(Information supplied begins)

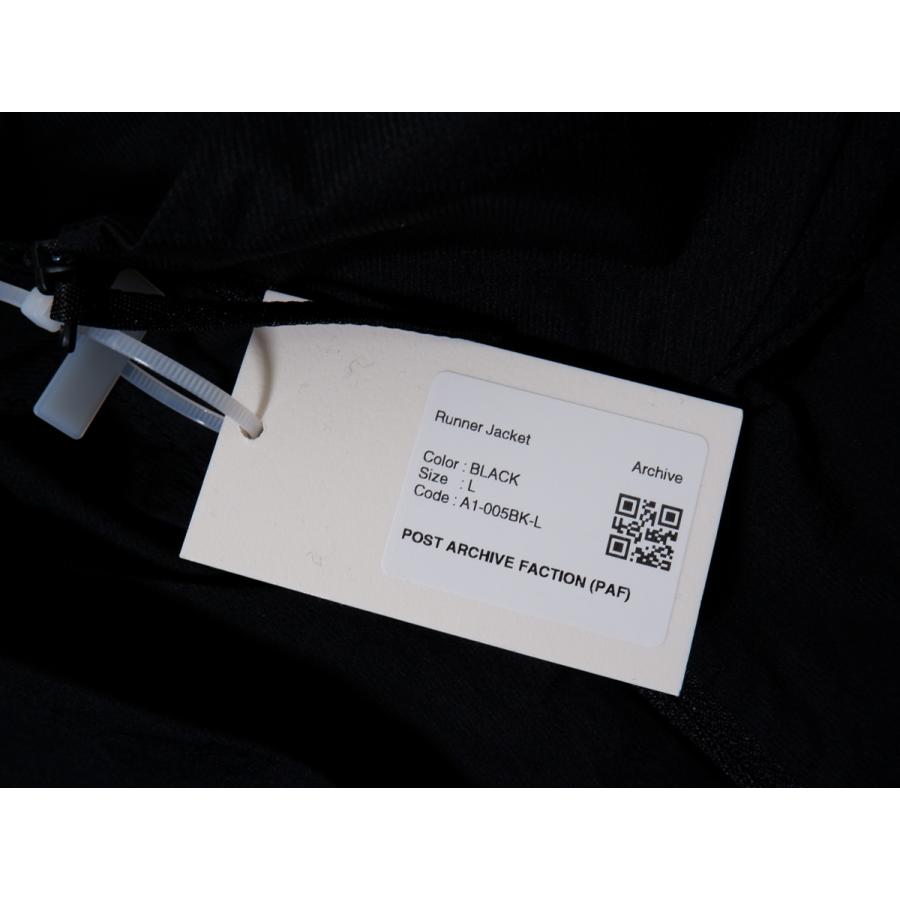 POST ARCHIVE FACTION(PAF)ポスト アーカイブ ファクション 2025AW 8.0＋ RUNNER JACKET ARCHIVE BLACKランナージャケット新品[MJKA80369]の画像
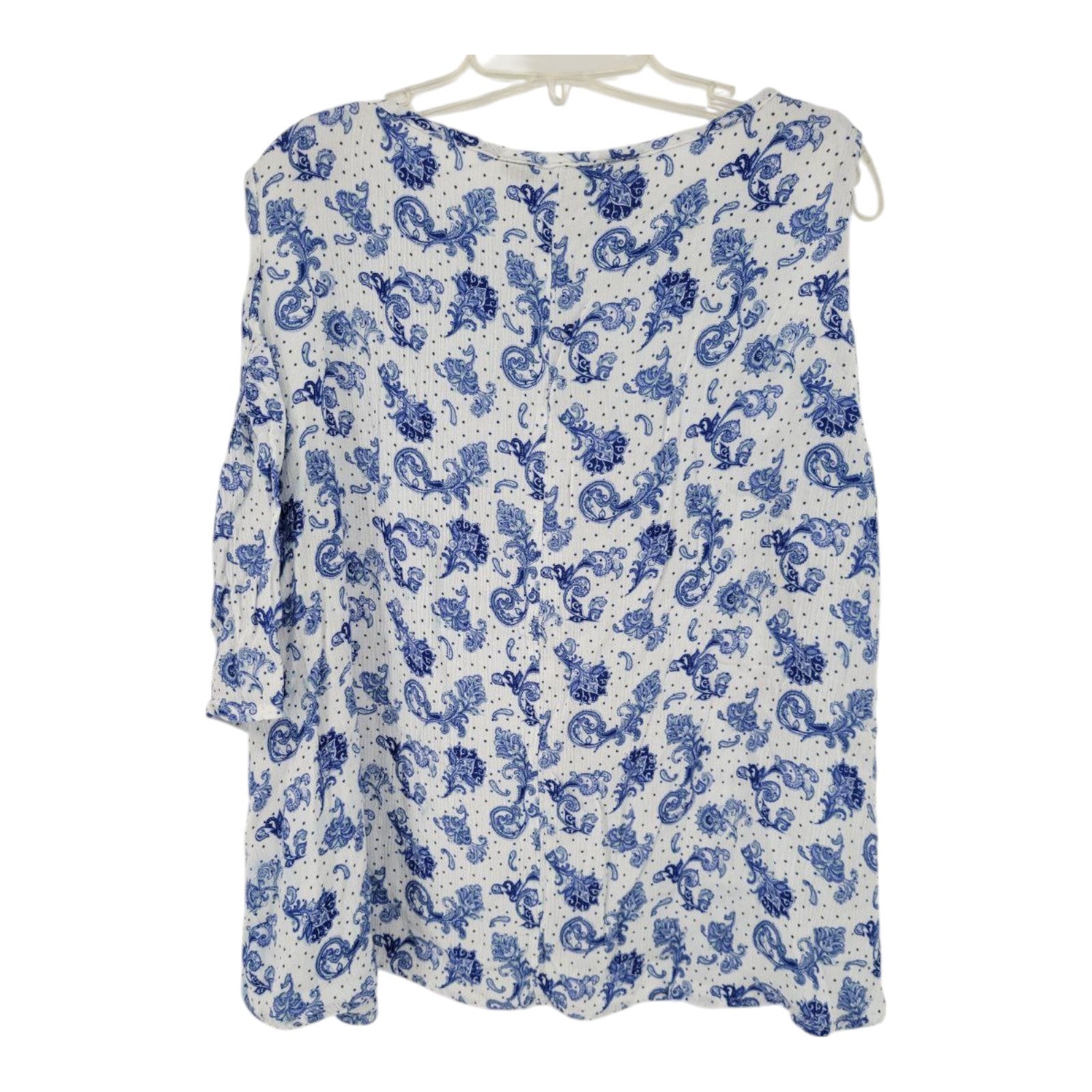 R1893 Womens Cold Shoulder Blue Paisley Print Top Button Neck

(Information supplied ends)
(Information supplied begins)

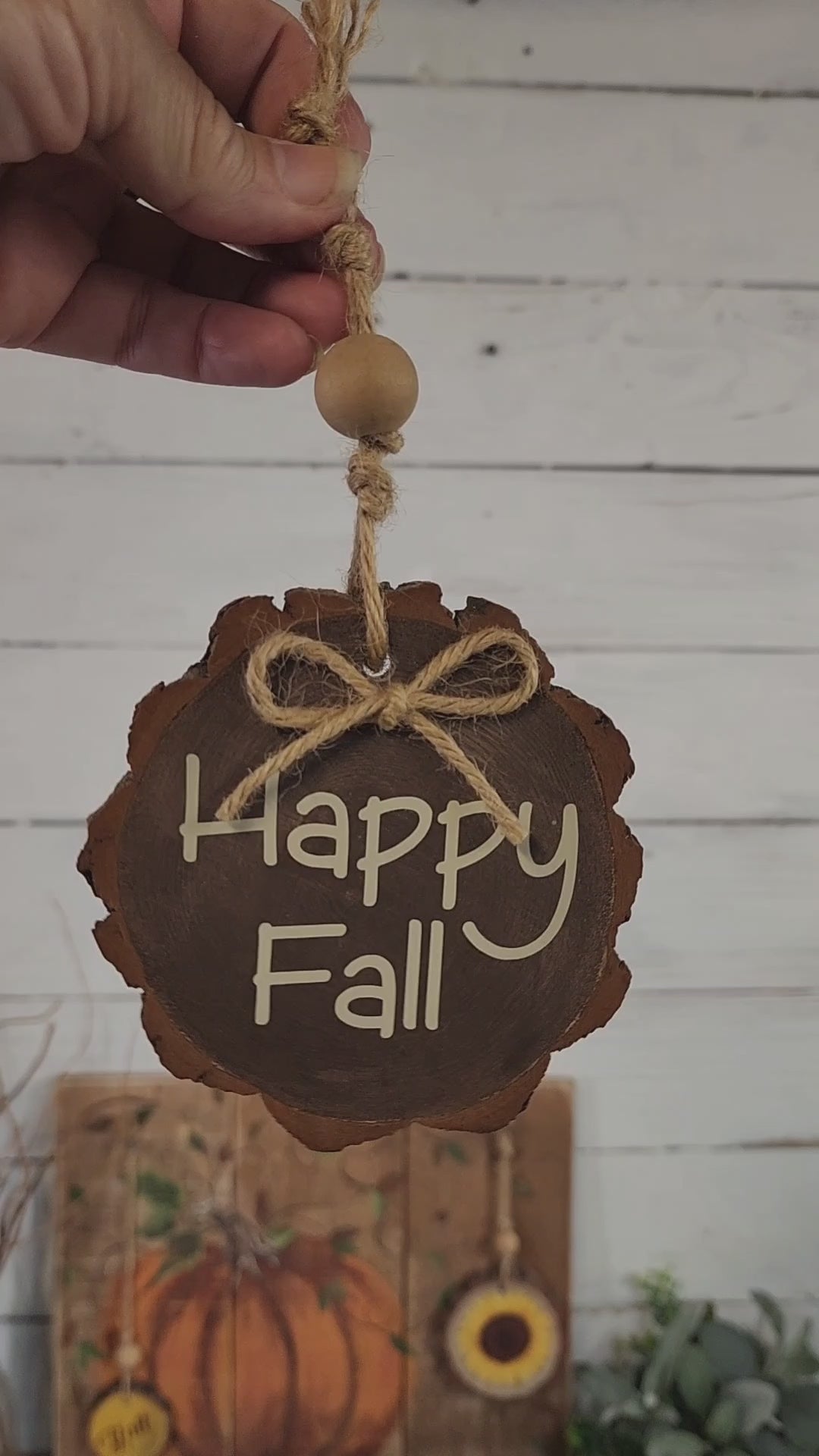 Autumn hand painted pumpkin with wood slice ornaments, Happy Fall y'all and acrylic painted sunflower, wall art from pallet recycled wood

(Information supplied ends)

■ Action item: Looking at the listing above, which lines run from the one containing "POST ARCHIVE FACTION(PAF)ポスト" through the one containing "R1893 Womens Cold"? Print exactly those, ends included, pictures excluded.

■ Task result:
 POST ARCHIVE FACTION(PAF)ポスト アーカイブ ファクション 2025AW 8.0＋ RUNNER JACKET ARCHIVE BLACKランナージャケット新品[MJKA80369]の画像
 R1893 Womens Cold Shoulder Blue Paisley Print Top Button Neck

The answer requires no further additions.